Very nice wheels and a great colour combination. :thumb:

Did you go for a warranty as I know the electrics can be pretty expensive to fix on these?


----------



## beardboy (Feb 12, 2006)

rojer386 - Thanks for the link, i'll get the VIN details and see what I have.:car:

Z4-35i - Thanks. It's definitely a nice combo in my opinion too, as it's nice and light inside.

I managed to get the garage to give me a 4* 12 month warranty for peace of mind, and i'll probably get a BMW/Warranties Direct warranty once this one runs out to be on the safe side.
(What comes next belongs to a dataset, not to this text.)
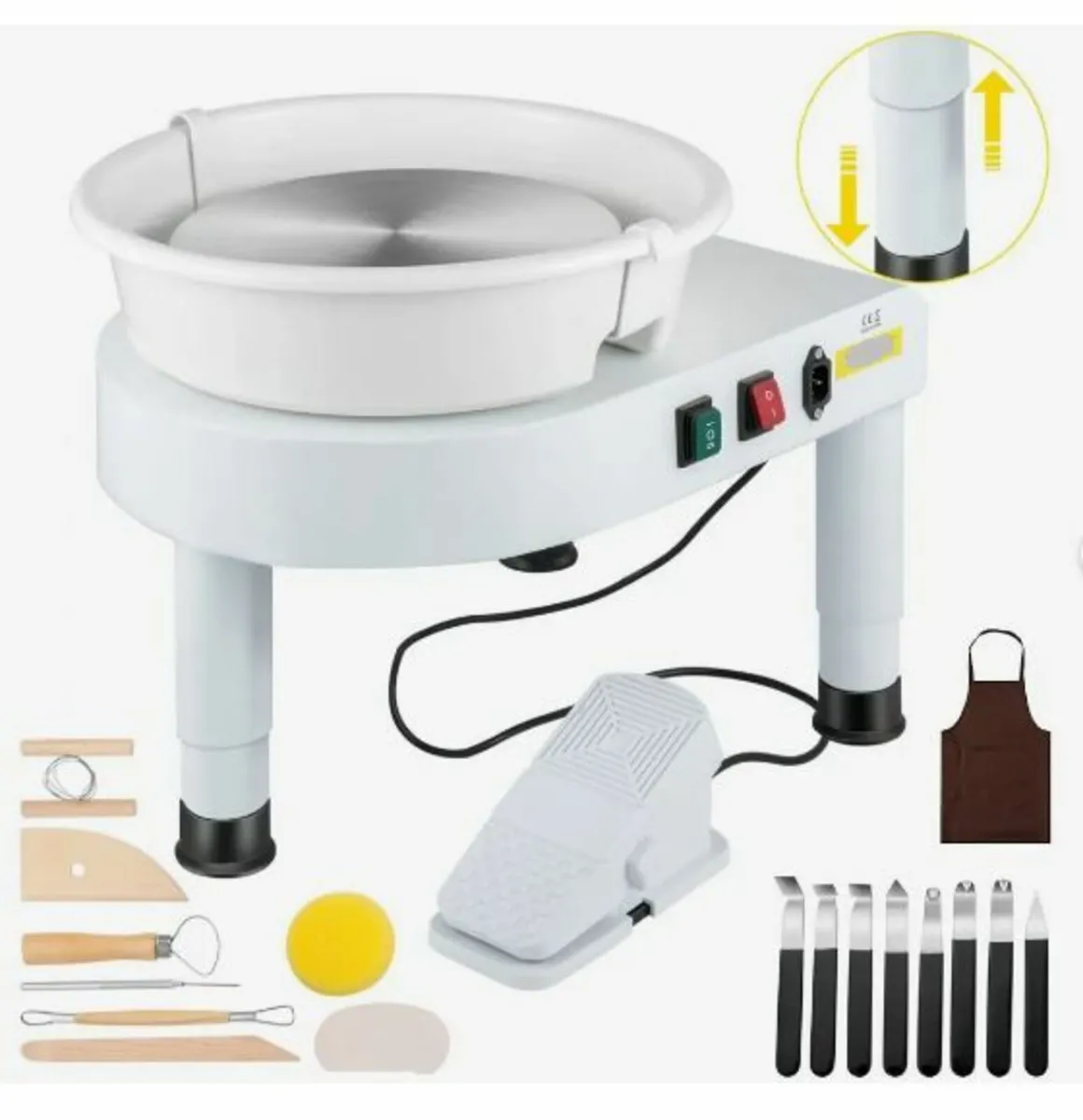 Pottery Wheel, 11in Ceramic Wheel Forming Machine - Image 1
I was unlucky on my old 7 and had to have the gearbox rebuilt, so hoping this one is more reliable. We will see. :lol:


----------



## slim_boy_fat (Jun 23, 2006)

Congratulations!! These are great cars. :thumb:

If you enter the last 7 digits of your VIN into this site, you'll get the FULL build spec for your car which will tell you all the extras [or otherwise] specified when built.
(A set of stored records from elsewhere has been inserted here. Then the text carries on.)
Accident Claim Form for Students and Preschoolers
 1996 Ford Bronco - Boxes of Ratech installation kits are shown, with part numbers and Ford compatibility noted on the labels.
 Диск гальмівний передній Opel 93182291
http://www.bmwarchiv.de/vin/bmw-vin-decoder.html


----------



## ardenvxr (May 22, 2013)

very nice car


----------



## Soul boy 68 (Sep 8, 2013)

beardboy said:


> Hi all,
> 
> Long time since i've been back on the forums, as i sold my 2001 E38 740i around 2.5 years ago and went to a 320D Touring, but i still had the 7 series bug, but wanted to gain some economy too - would love another E38 740i if fuel was cheaper or it wasn't a daily drive!
> 
> ...


Beautiful looking car fella, I think German cars to be the best engineered and built.:car:


----------



## beardboy (Feb 12, 2006)

slim_boy_fat - Thanks fella.

ardenvxr - Cheers.

Soul_boy_68 - Have to agree with you. My last 3 cars have been BMW's and the SWMBO's last cars were 120D Coupe, Audi TTS Cabriolet, A4 S-Line Special Edition and now an A3 Sportback (baby wagon! :lol


----------



## dandam (Apr 10, 2011)

Lovely - my friends Dad used to run these for his chauffeur company.
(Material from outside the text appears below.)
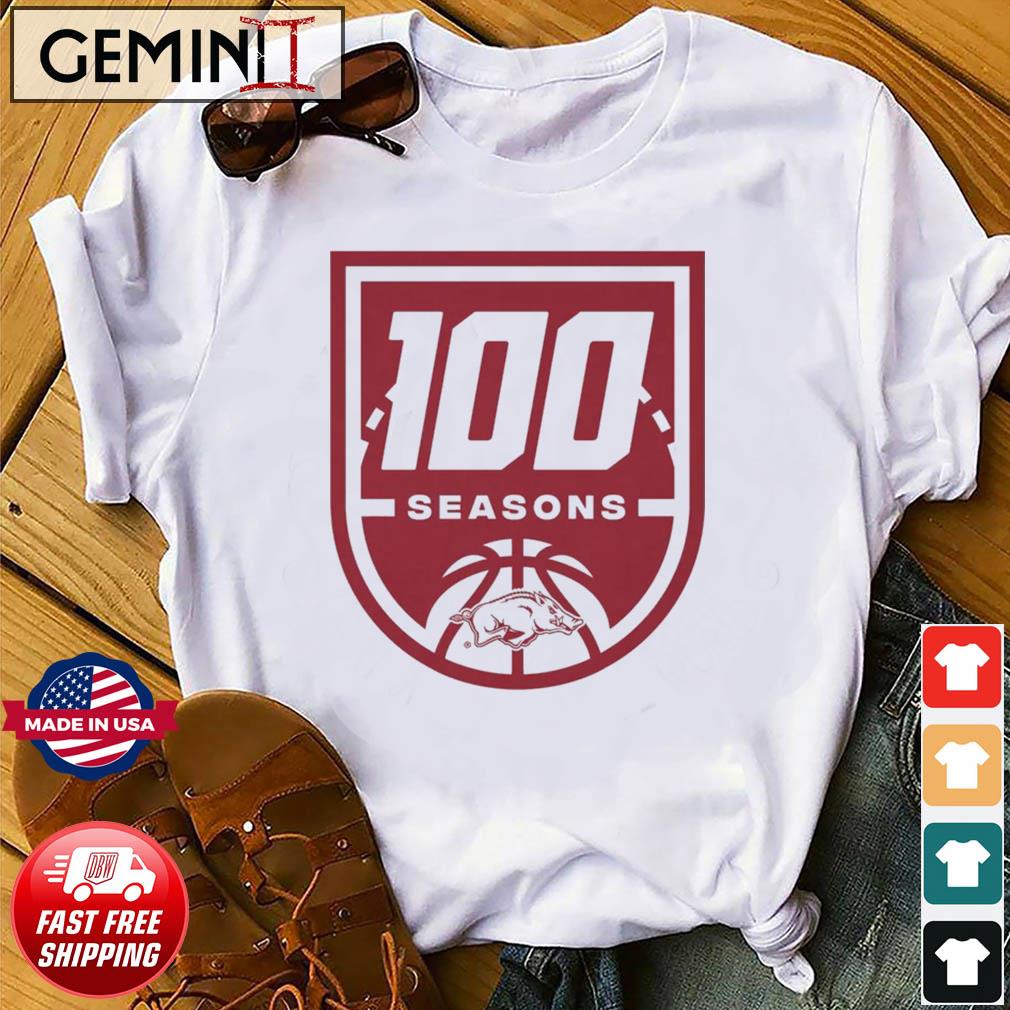 Arkansas Basketball 100 Seasons T-shirt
I have run Audi A6's for the past 8 years now, three so far. Each time I replace a car I consider a 3 series or A4 given that I don't 'need' a big car but if you are happy with the size of car you get so much more in terms of comfort and equipment.


----------



## bazz (May 15, 2007)

looks a very nice car you got fella


----------



## beardboy (Feb 12, 2006)

dandam - Thanks. Thought about doing weddings at weekends with it, but don't think i ever will. :lol: I don't need a 'huge' car myself, but love comfort, toys, space etc and as it's the Long Wheelbase, there's huge amounts of legroom in the back for my little girl and all the crap you have to take with you. :lol:

bazz - Thanks


----------



## DebbieOCD (Jan 25, 2012)

Stunning big motors, always been a fan of the 7 series (old and new!)


----------



## beardboy (Feb 12, 2006)

DebbieOCD - Me too.  Would like one of the new shape ones, but that'll have to wait a few more years. :lol:


----------



## deano93tid (May 8, 2013)

Lovely car you have there. I was looking at a 7 to before I brought my E92 the only reason I didn't go for a 7 was due to the engine size and economy if on the other hand they did a 720D I would have brought one lol.


----------



## Otter Smacker (Jun 19, 2012)

Lovely car OP. 

I'm amazed at how much car you can get for so little money with these.


----------



## Jacktdi (Oct 21, 2010)

Nice big old barge is that.


----------



## beardboy (Feb 12, 2006)

Thanks guys.

I'm not sure how well a 720D would go, but i guess if they did one you could always remap it to get a bit of extra grunt. :lol:

You do get a huge amount of car for the price of a fiesta/golf type car - crazy to think it's depreciated by £50,000!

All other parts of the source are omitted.